This is the plot I get, with the expected density values considering 100 observations.
ggplot() +
geom_density(aes(x = wang, colour = 'observed'), wang, size = 1) +
geom_density(aes(x = jv, colour = 'expected within'), df, size = 1) +
geom_density(aes(x = all, colour = 'expected adults'), df, size = 1) + #df$all in this line
geom_vline(aes(xintercept = mean(wang$wang),
colour = 'observed mean')) +
scale_colour_manual("", values = c('observed' = "dodgerblue2",
'expected within' = "darkgoldenrod2",
'expected adults' = 'darkolivegreen4',
'observed mean' = 'red')) +
scale_x_continuous(expand = c(0, 0), limits = c(-0.3, 0.2)) +
scale_y_continuous(expand = c(0, 0))
However, when using df$ad instead of df$all in the fourth geom_density, I get this plot with density values much higher than the number of observations
ggplot() +
geom_density(aes(x = wang, colour = 'observed'), wang, size = 1) +
geom_density(aes(x = jv, colour = 'expected within'), df, size = 1) +
geom_density(aes(x = ad, colour = 'expected adults'), df, size = 1) + #df$ad in this line
geom_vline(aes(xintercept = mean(wang$wang),
colour = 'observed mean')) +
scale_colour_manual("", values = c('observed' = "dodgerblue2",
'expected within' = "darkgoldenrod2",
'expected adults' = 'darkolivegreen4',
'observed mean' = 'red')) +
scale_x_continuous(expand = c(0, 0), limits = c(-0.3, 0.2)) +
scale_y_continuous(expand = c(0, 0))
I than plotted the histogram along with the density plot for df$ad (code below), this is what I get
ggplot() +
geom_density(aes(x = ad, colour = 'density'), df) +
geom_histogram(aes(x = ad), df)
Why do I get such high values when plotting density for df$ad when I only have 100 observations, as shown by the histrogram? And why this does not happen when plotting df$all?
Thanks
Because 'geom_density' plots density estimates, and 'geom_hist' gives counts of data falling into different bins. The units on the y-axis for 'geom_density' are not counts. See Can a probability distribution value exceeding 1 be OK? for more info on what the density estimates actually mean.
Your ad variable is simply much less variable, with a standard deviation of 0.00085 relative to a sd of 0.019 for all.

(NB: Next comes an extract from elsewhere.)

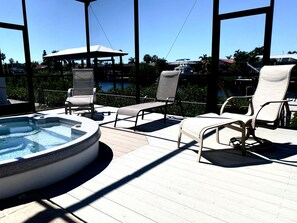 A poolside area with lounge chairs, a hot tub, and a view of the ocean and buildings. - Grand Oak Waterfront Resort - Pool Spa 2 King BR Kayaks Dock Arcade Pet-Friendly (Apollo Beach)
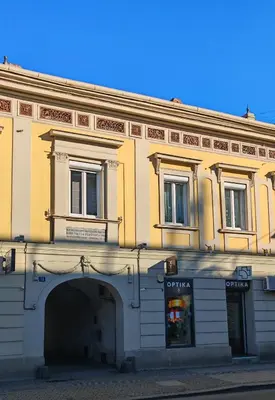 a yellow building with an archway in front of a store at The Belfort Townhomes - Green Lux Loft in Belgrade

Look at scaling to 1 in the help, ?geom_density if you want the densitys on the same scale for all variables: aes(x = ad, colour = 'expected adults', y=..scaled..). Either way 'geom_density' is displaying your data correctly, although you may want to explore whether histograms wouldn't be a better way to display your data's distributions anyways.